Un mois s'est écoulé depuis le départ de Taylor sans que personne ne sache où elle se trouve, et depuis deux semaines, Amaury vit quasiment chez Linda. D'après ce que j'ai compris, il fait tout pour la reconquérir et se faire pardonner. Je me retrouve donc tout seul dans cette grande maison, à essayer d'assembler les morceaux du puzzle de leurs vies. Je suis heureux pour mon ami, mais, en revanche, l'absence de Taylor me pèse, je m'inquiète pour elle, même si je la connais peu. Elle a su toucher une part de moi, l'homme se cachant derrière la blouse blanche comme elle aime tant le dire.

Mon téléphone bip m'indiquant l'arrivée d'un message :

Je te confirme mon arrivée demain après-midi. Ne m'oublie pas. P

Un sourire se dessine sur mes lèvres, l'arrivée de Paco me sortira de ma solitude. En accord avec Amaury, mon ami prendra la troisième chambre de l'aile ouest. La maison est construite en I couché : une grande pièce ouverte contenant la cuisine et la pièce à vivre entourées de chaque côté par des couloirs style dortoirs.

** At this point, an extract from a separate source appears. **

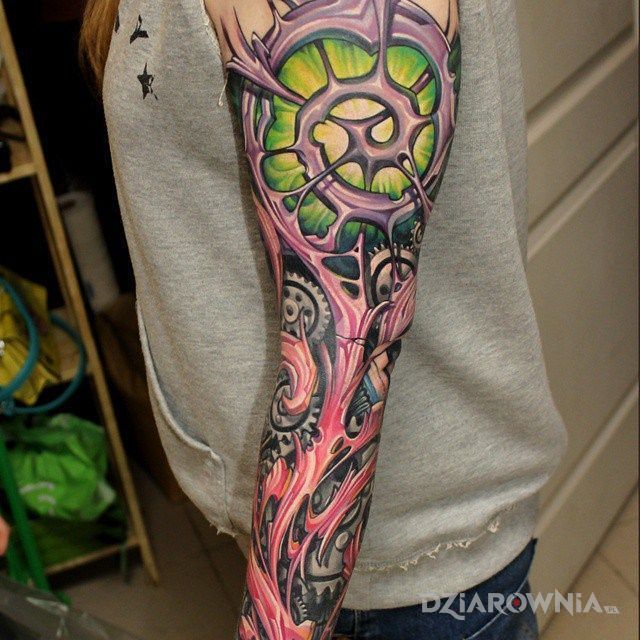 Tatuaż spirala w motywie kolorowe i stylu organika na ramieniu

Taylor les appelle les ailes est et ouest en rapport, je crois, à un dessin animé. Elle a une culture cinématographique bien meilleure que la mienne. Et elle occupe aussi un peu trop mes pensées.

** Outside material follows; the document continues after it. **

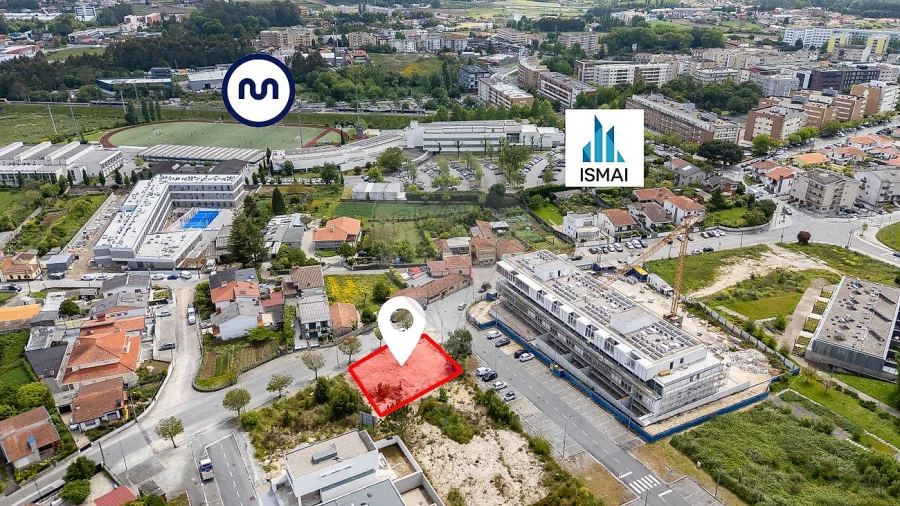 Terreno para Venda em Castêlo da Maia Foto 1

En écrivant une réponse pour mon ami, je me fais la remarque que pour une fois j'espère pourvoir partir à l'heure car il y a toujours un couac au moment de ma relève. J'aime mon métier, mais parfois j'aimerais pouvoir partir à l'heure ou avoir une vraie soirée de repos. Ce qui est très rare ces derniers temps. Il faut dire que nous sommes en sous-effectif, comme dans beaucoup d'établissements, malheureusement.

Aujourd'hui, ma garde se passe tranquillement, les urgences ne débordent pas, la fin de journée approche et je suis en train de faire de la paperasse lorsque j'entends de l'agitation dans les box.

Aurélie, l'infirmière coordinatrice, m'interpelle au même moment.

— Docteur Nivel, nous avons un souci avec une patiente. Elle est très agitée et je la soupçonne d'être sous l'emprise de drogues. Pouvez-vous venir la voir avant qu'elle ne se blesse davantage ? Les pompiers ont tenté de la contenir ce qui a augmenté sa crise.

En m'approchant, je reconnais la voix de Taylor.

— Il est hors de question que je passe la nuit ici ! Victor s'est emballé pour rien, je vais bien, c'est juste une égratignure.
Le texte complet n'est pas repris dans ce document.